(Records contained in a dataset)
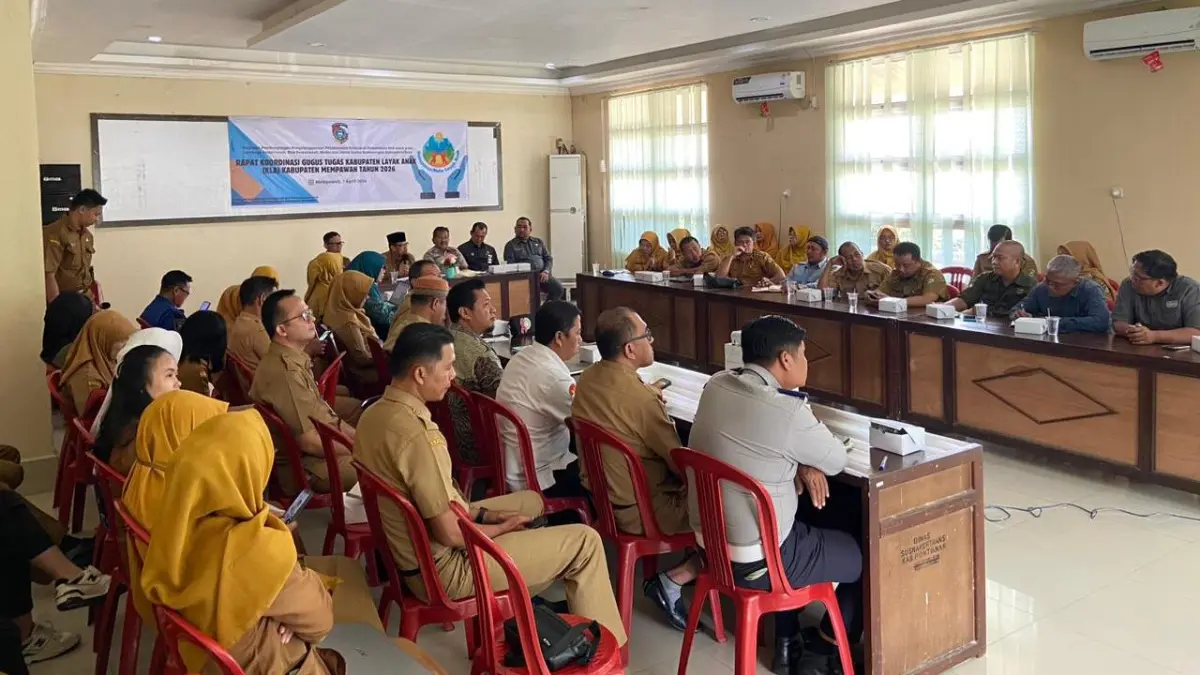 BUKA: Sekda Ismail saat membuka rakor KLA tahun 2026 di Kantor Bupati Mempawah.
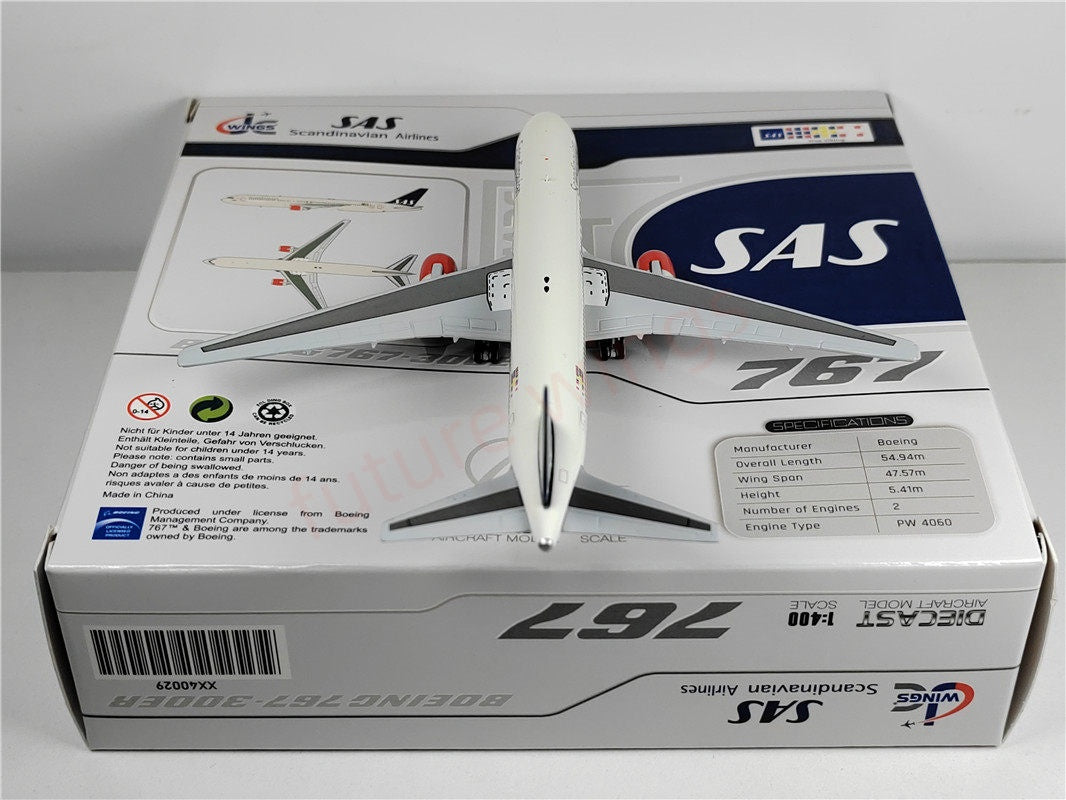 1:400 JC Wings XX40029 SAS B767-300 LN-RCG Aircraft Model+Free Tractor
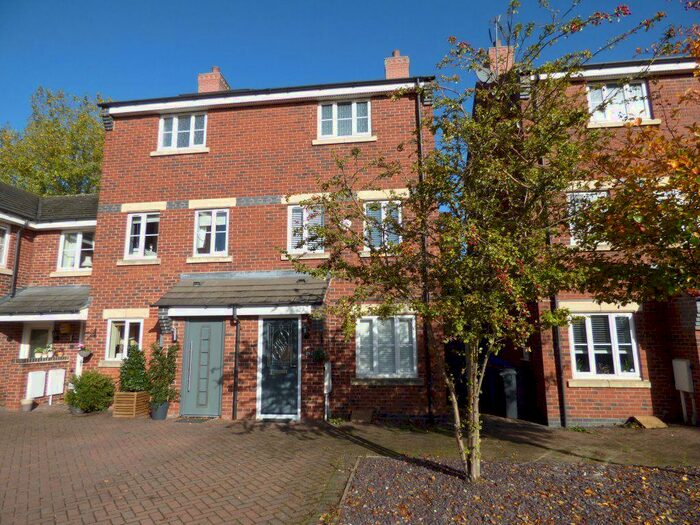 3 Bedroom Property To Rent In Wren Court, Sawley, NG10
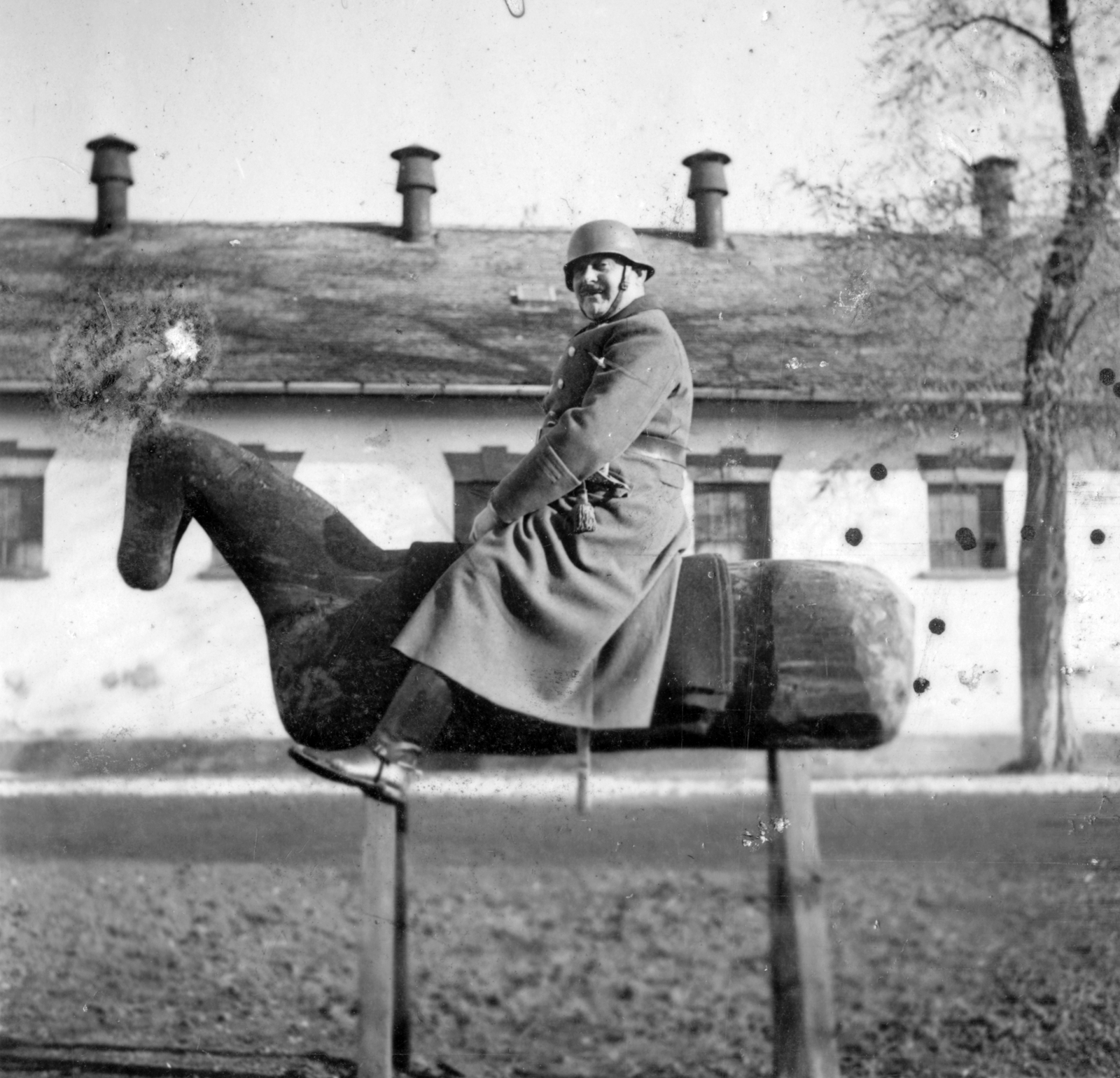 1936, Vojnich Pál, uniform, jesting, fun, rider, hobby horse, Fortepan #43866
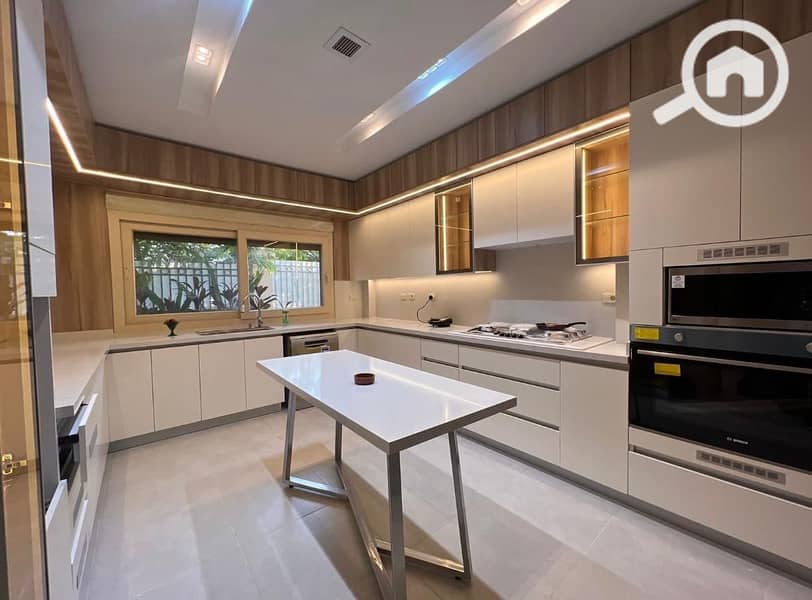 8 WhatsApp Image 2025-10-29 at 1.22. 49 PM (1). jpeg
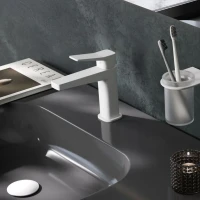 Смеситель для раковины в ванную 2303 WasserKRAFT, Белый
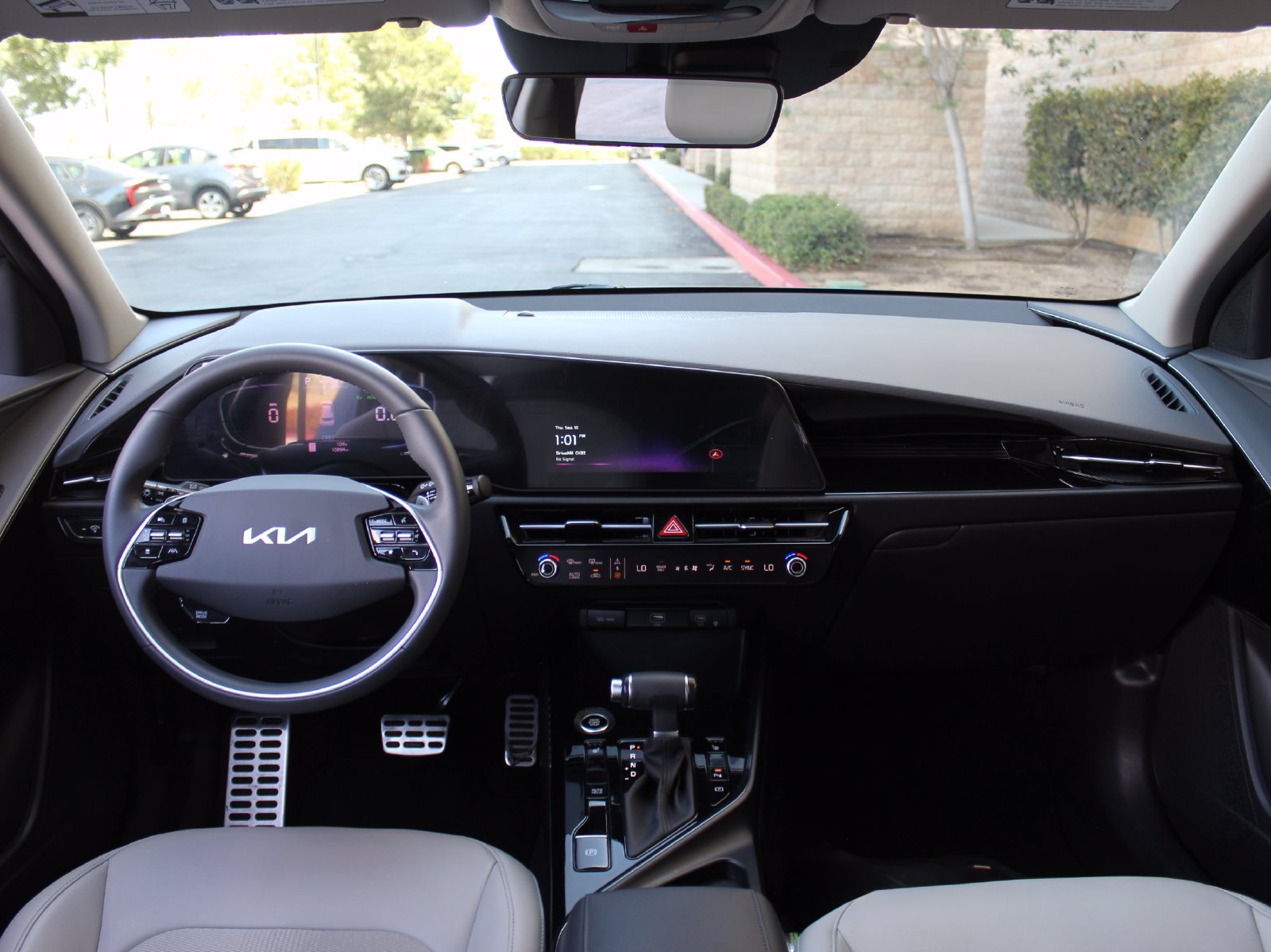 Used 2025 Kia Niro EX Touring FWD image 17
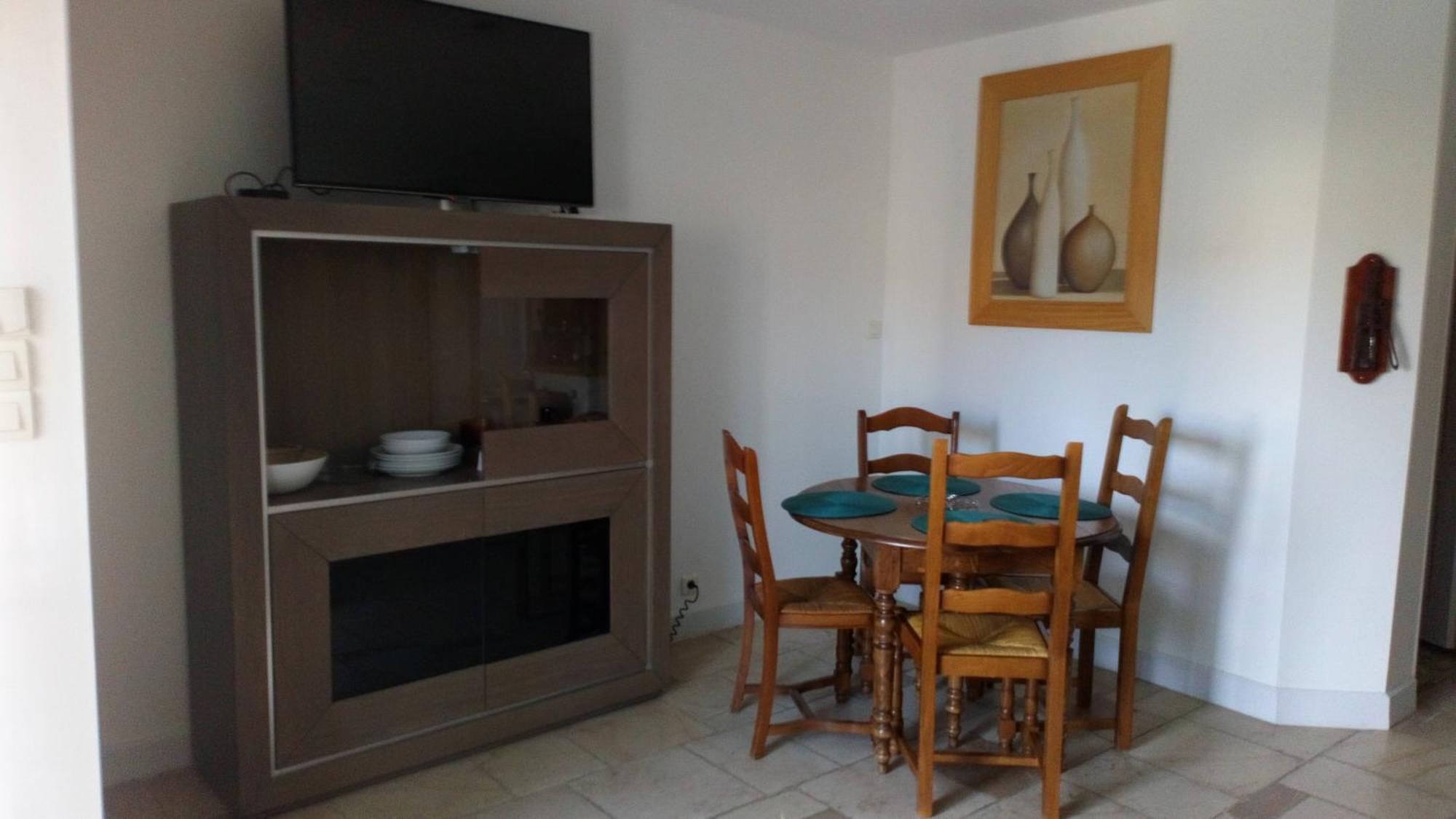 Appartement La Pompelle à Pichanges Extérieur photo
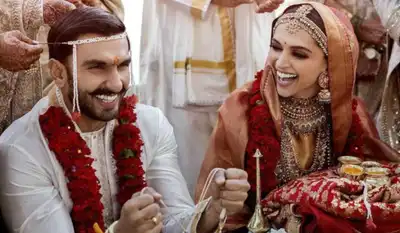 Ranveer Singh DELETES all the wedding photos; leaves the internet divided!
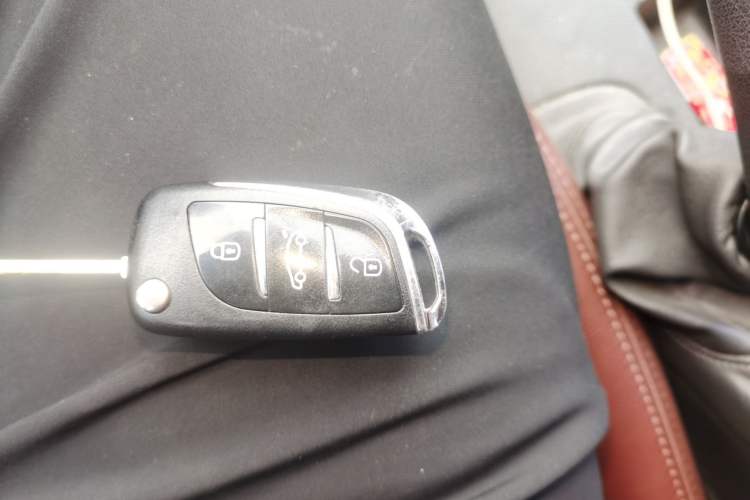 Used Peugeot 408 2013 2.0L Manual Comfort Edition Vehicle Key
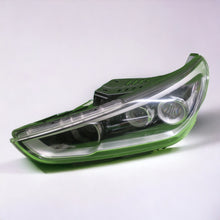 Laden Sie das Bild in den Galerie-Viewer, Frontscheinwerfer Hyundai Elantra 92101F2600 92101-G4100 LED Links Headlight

# WHAT THE TASK ASKS:
What is needed is an exact copy of the entries above, with no images in it.

# EXPECTED ANSWER:
 BUKA: Sekda Ismail saat membuka rakor KLA tahun 2026 di Kantor Bupati Mempawah.
 1:400 JC Wings XX40029 SAS B767-300 LN-RCG Aircraft Model+Free Tractor
 3 Bedroom Property To Rent In Wren Court, Sawley, NG10
 1936, Vojnich Pál, uniform, jesting, fun, rider, hobby horse, Fortepan #43866
 8 WhatsApp Image 2025-10-29 at 1.22. 49 PM (1). jpeg
 Смеситель для раковины в ванную 2303 WasserKRAFT, Белый
 Used 2025 Kia Niro EX Touring FWD image 17
 Appartement La Pompelle à Pichanges Extérieur photo
 Ranveer Singh DELETES all the wedding photos; leaves the internet divided!
 Used Peugeot 408 2013 2.0L Manual Comfort Edition Vehicle Key
 Laden Sie das Bild in den Galerie-Viewer, Frontscheinwerfer Hyundai Elantra 92101F2600 92101-G4100 LED Links Headlight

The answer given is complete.